Been scratching my head over this for a few weeks now. Currently running a 200W Renogy mono panel on my van roof feeding a Victron SmartSolar 100/20, and I've got a spare 100W panel sitting in the garage doing nothing. Tempted to wire them in parallel and just... see what happens. But I keep reading conflicting things online.
From what I understand, as long as the Voc of both panels is within the controller's input limits, parallel wiring means each panel operates somewhat independently — the 200W isn't going to drag the 100W down in the same brutal way series wiring would. In practice though, if the panels have different Isc values (which these do — roughly 10A vs 5A), is the MPPT actually going to find a sensible combined MPP, or is it just going to compromise and leave watts on the table?

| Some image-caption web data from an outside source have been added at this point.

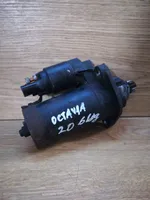 Skoda Octavia Mk2 (1Z) Motor de arranque 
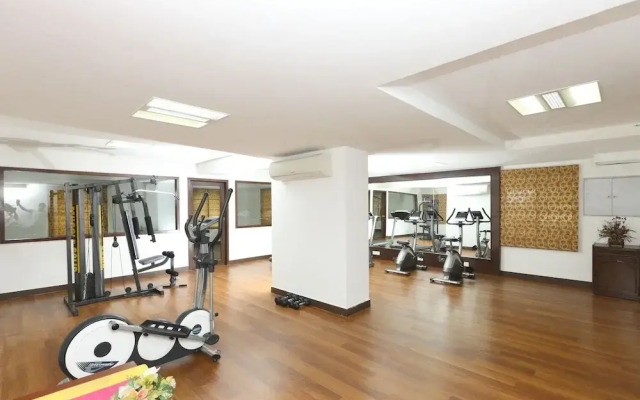 OYO 20002 SilverKey OMR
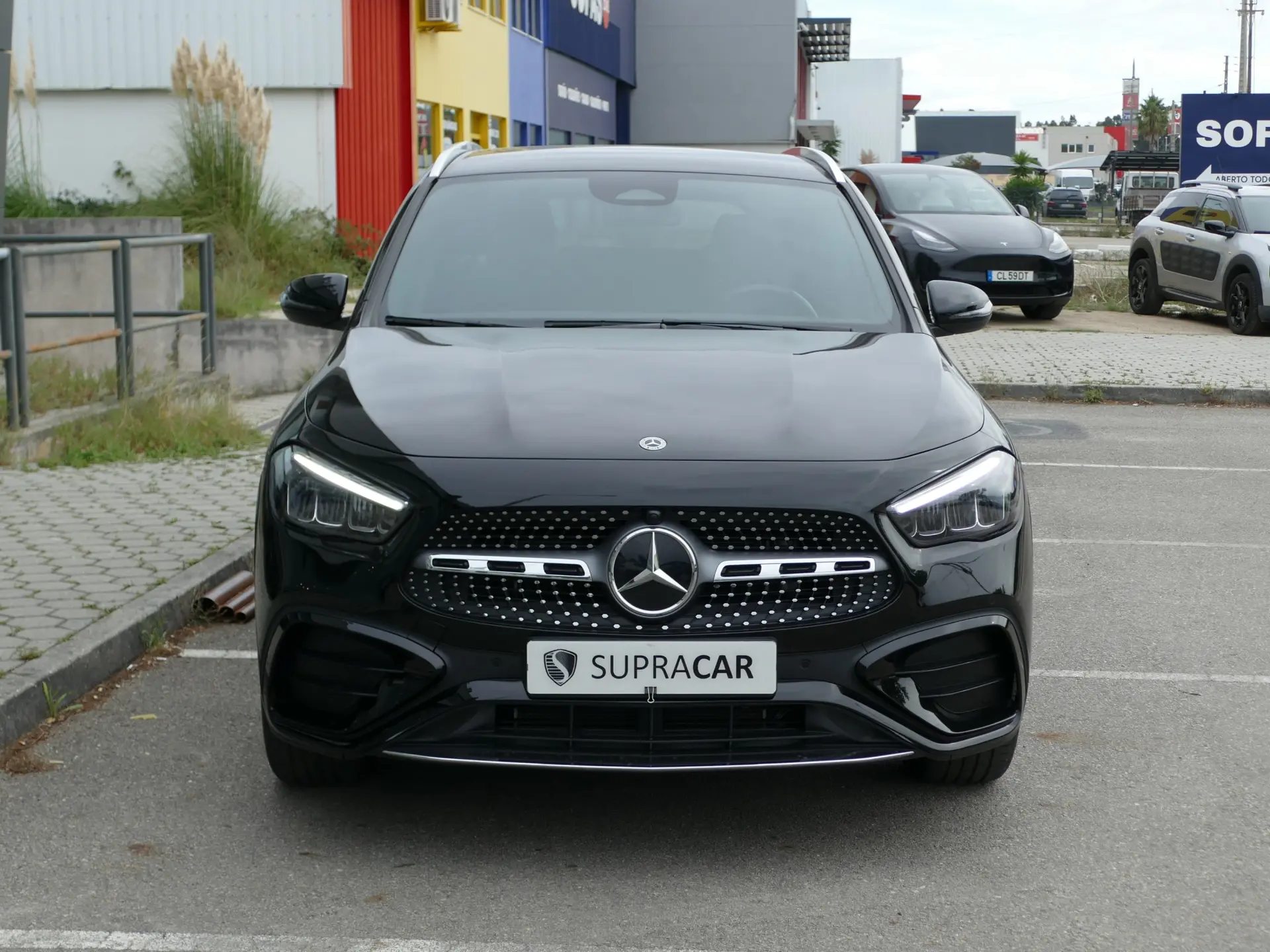 Mercedes-Benz GLA 250 e AMG Line 2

My specific concern is partial shading. The 100W panel would be mounted at a slightly different angle due to roof geometry on my Transit, so there'll be times it's shaded when the 200W isn't. In a parallel setup that presumably just reduces total current without tanking the whole array — but I'd love to hear from anyone who's actually done this rather than just theorised about it.
Has anyone run mismatched panels in parallel on a Victron MPPT and bothered to log the VRM data to see what it actually does to harvest efficiency? Curious whether the real-world loss is negligible or worth caring about.